The Chamber of Pillars.


Just 160 kilometres of shake, rattle and dust on a corrugated track separates us from one of the red centres most obscure government run campsites, the Chambers Pillar. We finally ventured out on a weekend when Alice Springs was dancing around a pole in May, in an almost pagan/hippy roman tradition.
Just when you think it is safe enough to crank the car up to a hundred km per hour, a rough dip will play basketball with your off-roader or a bend will slide you through a corner as if Brocky was still alive. After about a hundred kilometres, we stopped to look at the Indigenous art expo at the village of Titjikala, but found that in an act of sheer defiance to the rules of capitalism the exhibition was closed on a public holiday weekend.
Around ten kilometres before arrival, a short but steep drive takes you up a high ridge where the views are 360 degrees and worth stopping for, especially that first glimpse of the Chambers Pillar. Down the hill two gates are to be negotiated by the co-driver. At one of the gates there is a sign advising you to mount your pole with a red flag to the front of your car ‘now’, to warn oncoming traffic that you are rounding the crest.  Yeah!!! Darn!!! Forgot to bring my flagpole. I was tempted to sit on top of the car waving my red undies around, but thought it too dusty up there. Two or three of those apexes were quite hair-raising. For seconds, all you can see is the bonnet creating that out of control feeling. One day someone is going to land their front wheels on someone else's bonnet.


The main event


There is a lot going on at the chamber of pillars.

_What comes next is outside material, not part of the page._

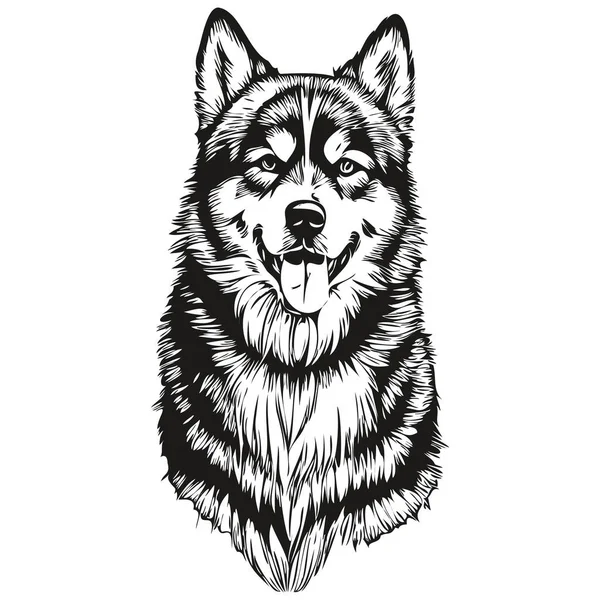 Malamute Pies Linia Ilustracja Czarny Biały Szkic Twarz Portret Wektorze — Wektor stockowy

For sure the highlights are the columns that have stood here as long as anyone can remember. Even though the name Chamber is of a wealthy businessman who sponsored first time explorer John MacDouell Stuart out here; the name itself evokes the feeling of a space with the pillar and surrounding rock features holding up the roof of the world. The colour changes of these rocks at dawn and dusk are truly spectacular, almost emotionally so.

 
This rock formation visible from our campsite - notice nature's window


The Indigenous locals believe that a knob-tailed gecko warrior named Itirkawara rebelled against tribal law by sleeping around with woman forbidden to him. He came to these sand dunes, took a breather, and tragically transformed into a stone pillar. The woman he travelled with turned her head away and became what is now known as Castle Rock. The message is loud and clear for future generations. If you hadn't learned it by now here it is again; don’t mess with the wrong woman.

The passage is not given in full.